■ YOUR GOAL ■
Up to and including the line holding "Glass and steel", write out the data exactly from its first line, but not the pictures.

Scraped caption text data:
_____
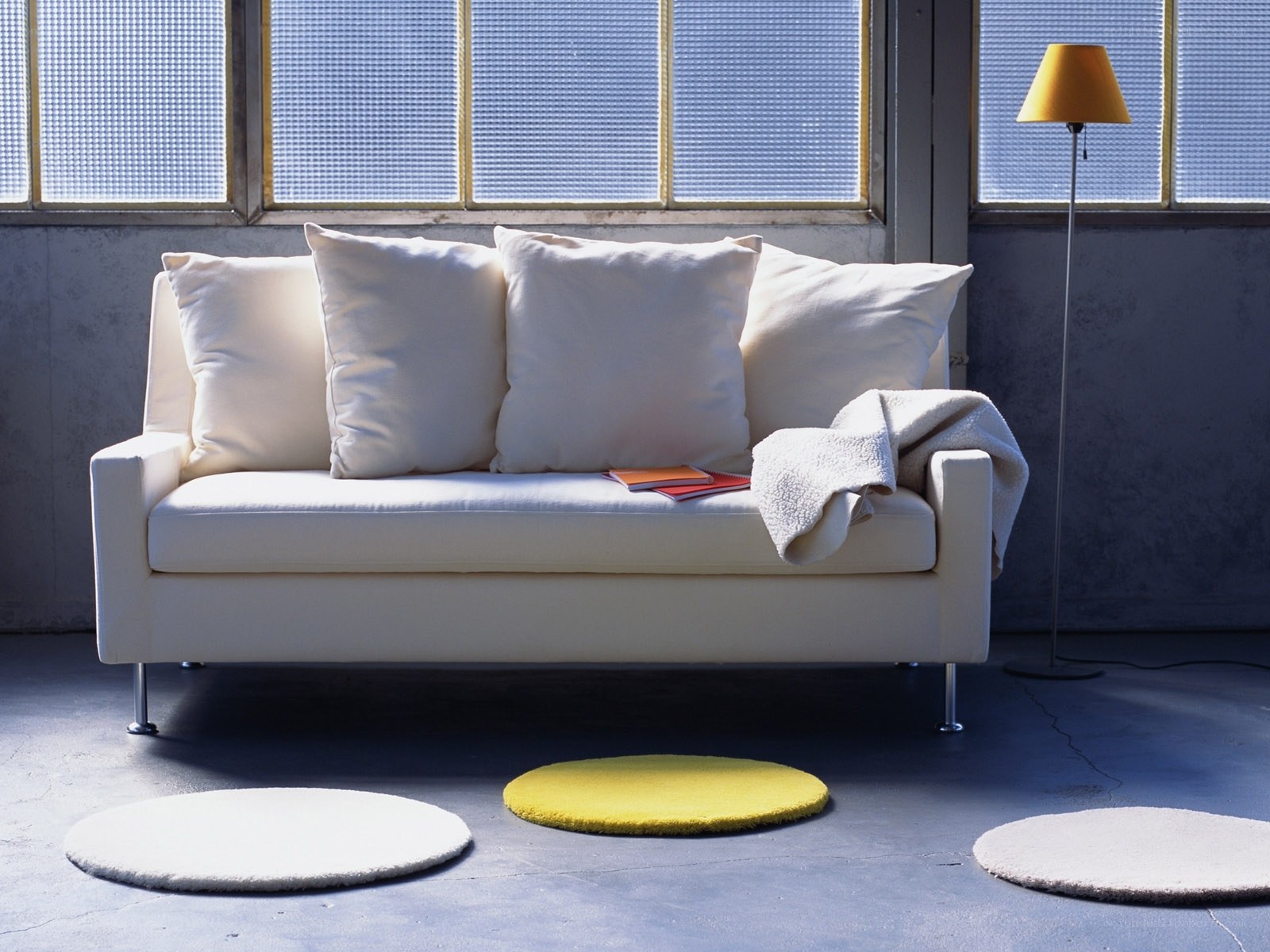 White sofa with circular rugs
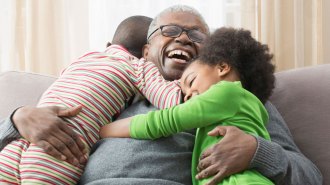 children hugging happy older person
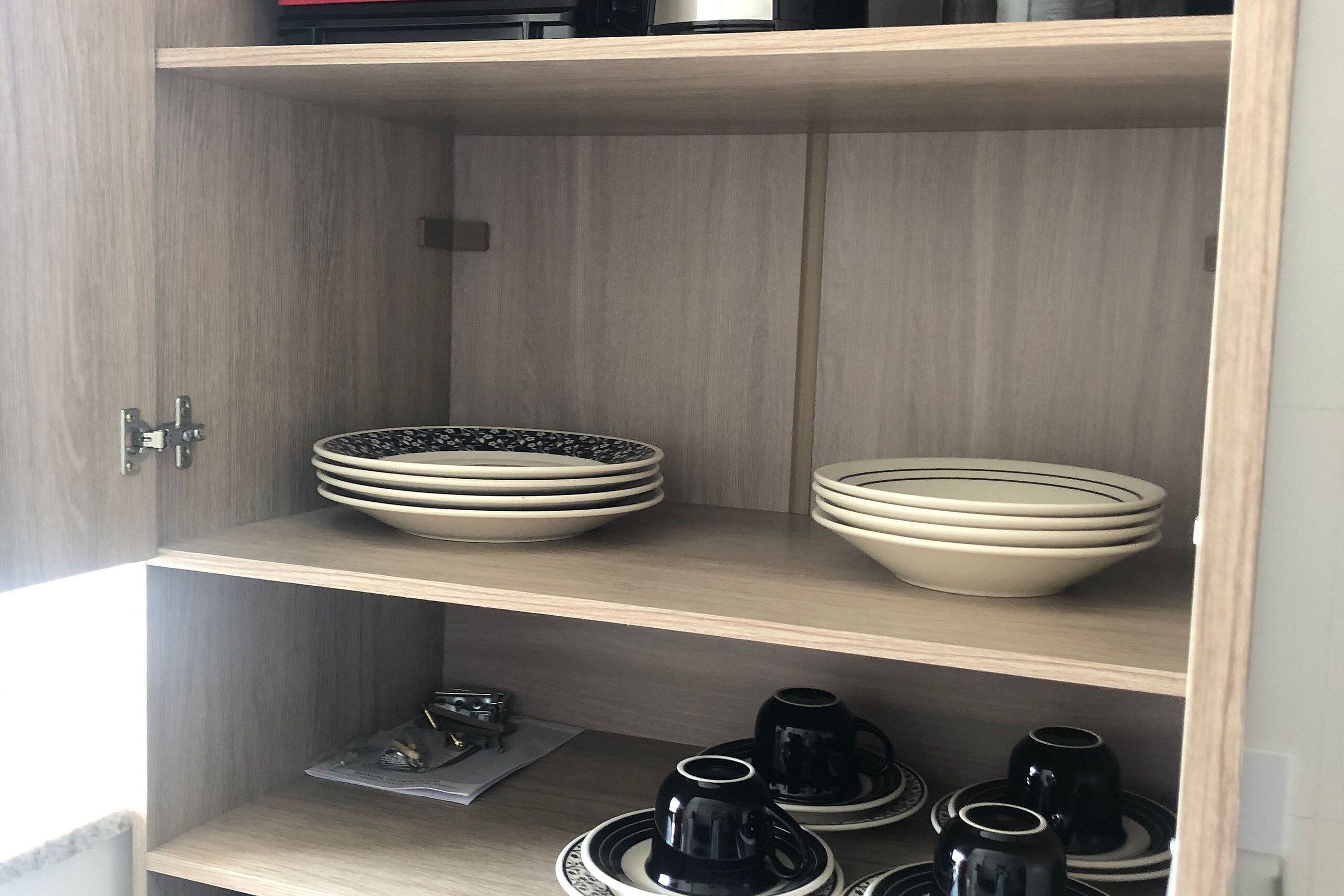 A wooden cabinet with shelves containing stacked bowls and black cups.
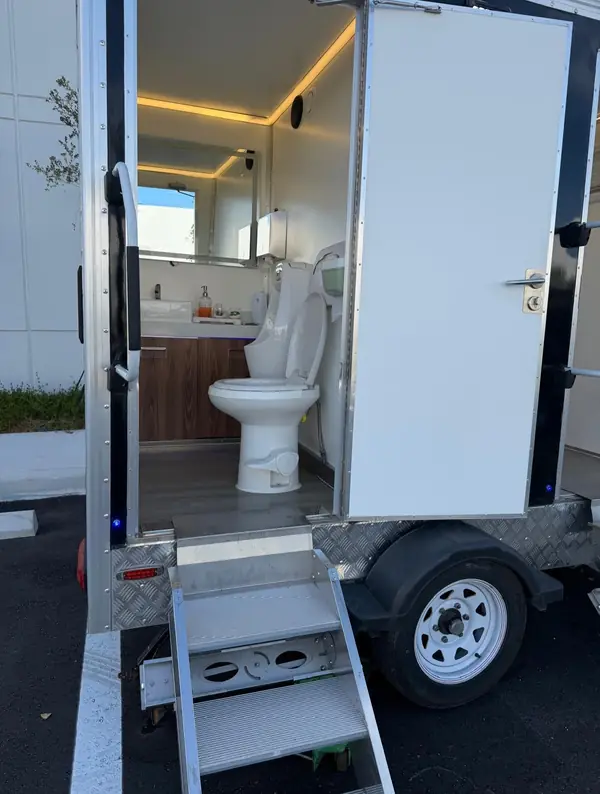 Restroom trailer door open with fold-down steps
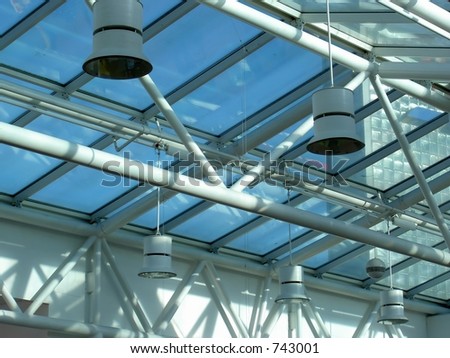Glass and steel interior of building with sunlight and shadows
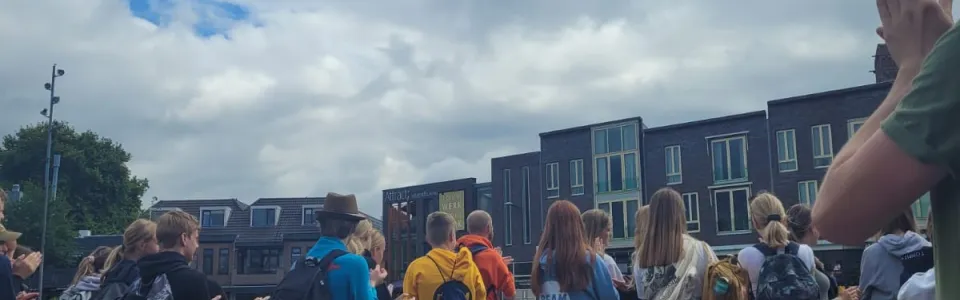 Deelnemers staan in een rij buiten met de handen omhoog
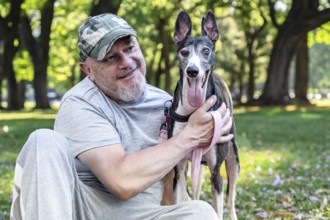 Close-up of a mature bald man smiles while sitting with his greyhound in the park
_____
■ SOLUTION BELOW ■
 White sofa with circular rugs
 children hugging happy older person
 A wooden cabinet with shelves containing stacked bowls and black cups.
 Restroom trailer door open with fold-down steps
Glass and steel interior of building with sunlight and shadows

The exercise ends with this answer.